Finally, while it is good to know the absolute performance numbers, does the average data scientist really care about how execution times improved on petascale systems with thousands of processors they cannot afford? This brings us to the next point in our discussion:

II. Democratize

The MLPerf application space is based on models from academic research papers published around 2012–2018, where GPUs were almost the only viable option for deep learning. Therefore, all these papers evaluate their performance on GPUs. As a result, the papers’ underlying architectural features, hyper-parameters, and architectural sizes were all tuned to GPUs, their merits are coupled with GPU’s architectural merits, and their results are bound by GPU’s limitations. The outcome of such practice is that MLPerf essentially becomes a “porting from GPU” competition that gives GPUs an advantage and perpetuates them as a synonym for AI hardware.
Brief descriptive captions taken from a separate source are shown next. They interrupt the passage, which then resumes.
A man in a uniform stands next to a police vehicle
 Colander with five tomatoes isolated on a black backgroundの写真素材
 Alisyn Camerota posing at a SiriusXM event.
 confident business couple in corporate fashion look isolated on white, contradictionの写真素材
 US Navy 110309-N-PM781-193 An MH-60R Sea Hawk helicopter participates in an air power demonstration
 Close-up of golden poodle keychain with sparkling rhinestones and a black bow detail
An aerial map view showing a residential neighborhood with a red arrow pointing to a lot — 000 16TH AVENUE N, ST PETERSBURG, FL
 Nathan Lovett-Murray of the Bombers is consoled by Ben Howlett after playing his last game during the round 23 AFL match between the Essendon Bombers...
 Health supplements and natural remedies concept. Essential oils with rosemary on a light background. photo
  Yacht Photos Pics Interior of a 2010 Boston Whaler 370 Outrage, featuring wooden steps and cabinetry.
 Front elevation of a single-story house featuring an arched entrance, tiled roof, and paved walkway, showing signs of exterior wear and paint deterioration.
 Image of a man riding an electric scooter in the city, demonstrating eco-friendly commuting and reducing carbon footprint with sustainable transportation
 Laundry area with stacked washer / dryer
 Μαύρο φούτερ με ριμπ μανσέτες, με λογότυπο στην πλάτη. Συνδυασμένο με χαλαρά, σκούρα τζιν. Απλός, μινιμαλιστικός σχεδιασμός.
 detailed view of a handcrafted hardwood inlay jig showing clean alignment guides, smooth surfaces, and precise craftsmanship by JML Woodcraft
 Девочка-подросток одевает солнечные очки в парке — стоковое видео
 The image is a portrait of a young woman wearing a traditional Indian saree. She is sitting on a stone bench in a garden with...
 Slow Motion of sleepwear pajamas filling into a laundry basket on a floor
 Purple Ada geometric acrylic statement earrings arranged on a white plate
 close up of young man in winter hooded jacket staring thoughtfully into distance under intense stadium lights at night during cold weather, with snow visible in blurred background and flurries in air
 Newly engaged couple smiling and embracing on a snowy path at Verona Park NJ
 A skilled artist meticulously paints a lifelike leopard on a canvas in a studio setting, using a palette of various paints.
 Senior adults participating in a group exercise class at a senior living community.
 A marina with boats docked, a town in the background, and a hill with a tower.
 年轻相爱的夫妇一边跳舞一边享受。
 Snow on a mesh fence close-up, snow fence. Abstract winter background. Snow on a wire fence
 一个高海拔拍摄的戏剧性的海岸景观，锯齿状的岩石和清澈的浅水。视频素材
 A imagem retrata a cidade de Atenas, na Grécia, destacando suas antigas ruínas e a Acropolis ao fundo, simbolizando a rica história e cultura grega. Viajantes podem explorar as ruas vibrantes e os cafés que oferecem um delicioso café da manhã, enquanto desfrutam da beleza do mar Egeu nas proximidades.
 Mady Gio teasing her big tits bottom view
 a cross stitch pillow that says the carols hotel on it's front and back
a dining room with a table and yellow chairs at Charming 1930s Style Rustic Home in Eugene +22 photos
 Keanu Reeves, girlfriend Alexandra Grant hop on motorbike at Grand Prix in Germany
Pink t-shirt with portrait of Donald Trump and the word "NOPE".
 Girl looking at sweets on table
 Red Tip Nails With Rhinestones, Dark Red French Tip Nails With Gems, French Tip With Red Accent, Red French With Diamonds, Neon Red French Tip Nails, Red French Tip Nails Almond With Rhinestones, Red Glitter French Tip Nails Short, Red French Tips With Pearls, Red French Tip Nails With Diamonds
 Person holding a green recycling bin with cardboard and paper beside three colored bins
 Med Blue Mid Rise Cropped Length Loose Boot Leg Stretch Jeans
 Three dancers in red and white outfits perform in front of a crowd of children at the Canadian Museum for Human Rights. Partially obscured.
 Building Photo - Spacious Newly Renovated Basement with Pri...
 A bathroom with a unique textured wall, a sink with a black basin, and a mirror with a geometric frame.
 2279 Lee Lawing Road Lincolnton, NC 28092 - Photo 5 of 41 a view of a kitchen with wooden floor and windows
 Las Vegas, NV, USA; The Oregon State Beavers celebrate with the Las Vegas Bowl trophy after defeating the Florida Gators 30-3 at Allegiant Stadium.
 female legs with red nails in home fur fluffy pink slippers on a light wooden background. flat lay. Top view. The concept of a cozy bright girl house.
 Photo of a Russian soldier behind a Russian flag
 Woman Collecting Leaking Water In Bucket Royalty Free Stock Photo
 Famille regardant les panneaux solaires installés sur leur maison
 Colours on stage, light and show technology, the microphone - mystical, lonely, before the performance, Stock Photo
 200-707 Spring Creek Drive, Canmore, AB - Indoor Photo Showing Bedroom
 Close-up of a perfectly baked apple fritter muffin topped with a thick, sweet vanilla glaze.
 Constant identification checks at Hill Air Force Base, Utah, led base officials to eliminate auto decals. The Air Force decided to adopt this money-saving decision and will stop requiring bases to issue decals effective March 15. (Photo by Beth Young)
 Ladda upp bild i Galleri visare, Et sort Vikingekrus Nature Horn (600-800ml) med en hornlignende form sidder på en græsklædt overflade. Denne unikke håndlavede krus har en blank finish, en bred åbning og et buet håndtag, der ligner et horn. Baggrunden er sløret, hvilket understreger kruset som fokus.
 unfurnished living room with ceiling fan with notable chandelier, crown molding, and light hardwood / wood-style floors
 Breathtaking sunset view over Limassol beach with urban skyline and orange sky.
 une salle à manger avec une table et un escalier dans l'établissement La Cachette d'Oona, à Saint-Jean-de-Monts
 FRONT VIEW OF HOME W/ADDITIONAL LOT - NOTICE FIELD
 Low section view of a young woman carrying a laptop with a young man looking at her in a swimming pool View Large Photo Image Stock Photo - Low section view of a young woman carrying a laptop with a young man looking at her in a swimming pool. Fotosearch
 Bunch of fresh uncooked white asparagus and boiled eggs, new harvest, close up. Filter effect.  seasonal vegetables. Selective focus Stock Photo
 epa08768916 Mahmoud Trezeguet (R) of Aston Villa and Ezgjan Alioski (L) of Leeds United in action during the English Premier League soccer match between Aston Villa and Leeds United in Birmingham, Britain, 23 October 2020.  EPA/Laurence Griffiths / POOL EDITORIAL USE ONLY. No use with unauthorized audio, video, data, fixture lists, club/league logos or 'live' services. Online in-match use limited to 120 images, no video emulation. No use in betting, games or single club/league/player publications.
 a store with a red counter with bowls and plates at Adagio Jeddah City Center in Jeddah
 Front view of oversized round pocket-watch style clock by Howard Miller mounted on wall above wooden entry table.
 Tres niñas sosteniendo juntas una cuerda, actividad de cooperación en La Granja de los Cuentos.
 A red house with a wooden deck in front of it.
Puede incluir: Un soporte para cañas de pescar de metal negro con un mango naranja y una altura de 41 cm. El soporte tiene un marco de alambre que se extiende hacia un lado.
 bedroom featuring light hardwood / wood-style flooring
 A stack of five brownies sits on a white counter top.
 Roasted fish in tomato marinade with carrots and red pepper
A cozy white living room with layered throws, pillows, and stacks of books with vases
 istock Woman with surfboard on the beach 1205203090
Don’t get me wrong — we should all cherish GPUs for being the gate-openers of modern AI since without their mature hardware/software stack we would not have witnessed the rise of AI applications; however, now that there are other solutions out there, we should also explore the properties of models natively developed on other types of architectures, since they might have other limitations and can open new domains. Furthermore, we might not want a single software implementation, or a single type of architecture, dictating the gains and limits of the entire AI application space. It would be fair to assume that if, for example, TPUs and the TensorFlow ecosystem would have existed in 2010, the MLPerf application space would have looked different.

III. Generalize

“When a measure becomes a target, it ceases to be a good measure”
Charles Goodhart

The final challenge that MLPerf needs to overcome is the lack of application generalization. About a year ago, I experimented with the performance measurements of one of the leading AI hardware vendors, and based on my experience, getting the expected performance was not trivial. Even after installing all the latest libraries on a fresh Docker image, the performance of the MLPerf model was not close to the published numbers. It was only possible to achieve the MLPerf performance after I used the vendor’s version of the model from a dedicated repo and that also included manual configuration files that override the compiler’s decisions for that model. Finally, when I used the exact same configuration but changed the model to a different model that has almost the exact same layers and sizes, performance dropped by about 50%. I have heard of similar experiences from other folks as well (on other models and other vendors).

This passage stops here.